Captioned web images
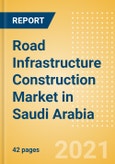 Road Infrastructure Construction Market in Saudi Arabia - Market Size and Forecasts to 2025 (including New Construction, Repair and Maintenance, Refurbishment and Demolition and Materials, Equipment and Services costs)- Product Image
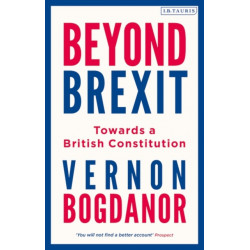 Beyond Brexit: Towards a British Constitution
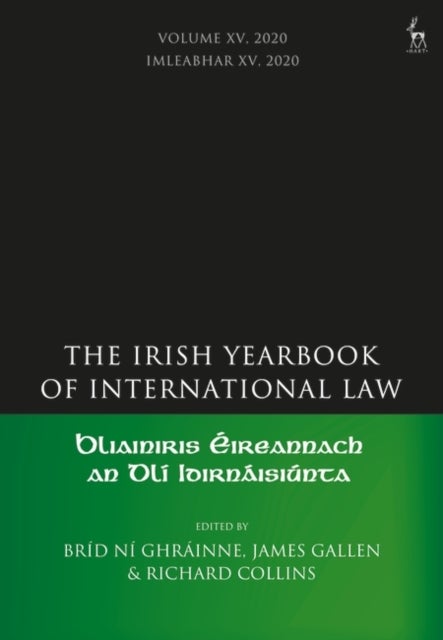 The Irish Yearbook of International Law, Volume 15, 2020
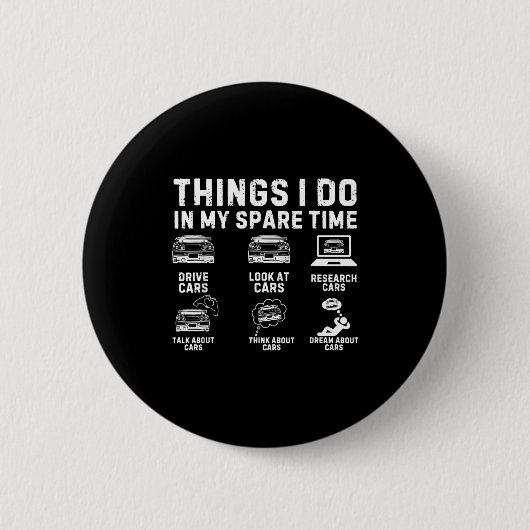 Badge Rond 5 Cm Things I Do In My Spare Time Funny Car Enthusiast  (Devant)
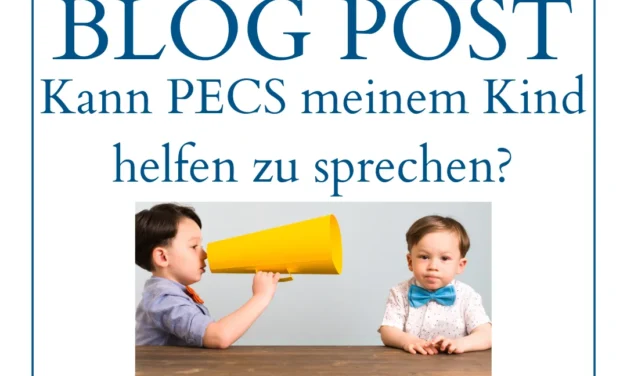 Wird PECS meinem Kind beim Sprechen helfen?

...

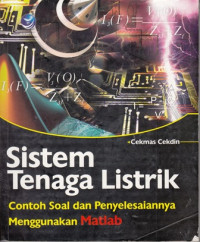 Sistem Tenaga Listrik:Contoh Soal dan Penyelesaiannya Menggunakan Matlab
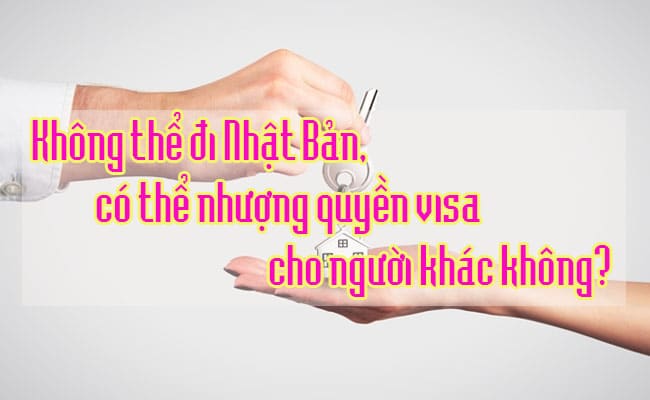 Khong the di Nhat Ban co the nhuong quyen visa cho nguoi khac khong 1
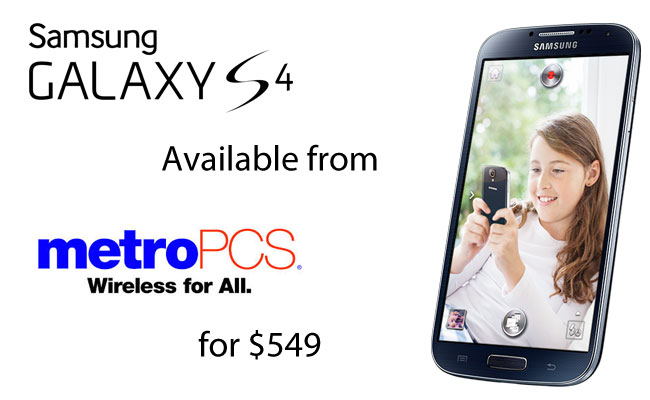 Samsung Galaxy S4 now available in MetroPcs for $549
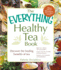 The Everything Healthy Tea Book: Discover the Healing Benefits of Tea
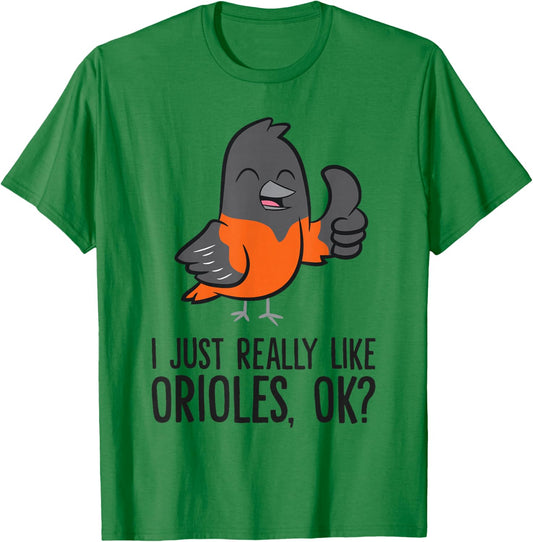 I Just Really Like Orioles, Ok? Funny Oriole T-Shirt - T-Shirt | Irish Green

◆ **DIRECTIONS**
Give again, exactly as written above, every line from the one holding "Beyond Brexit: Towards" to the one holding "Wird PECS meinem Kind beim Sprechen helfen?", with both ends kept and the pictures left out.

◆ **RESPONSE FOR THIS EXERCISE**
 Beyond Brexit: Towards a British Constitution
 The Irish Yearbook of International Law, Volume 15, 2020
 Badge Rond 5 Cm Things I Do In My Spare Time Funny Car Enthusiast  (Devant)
 Wird PECS meinem Kind beim Sprechen helfen?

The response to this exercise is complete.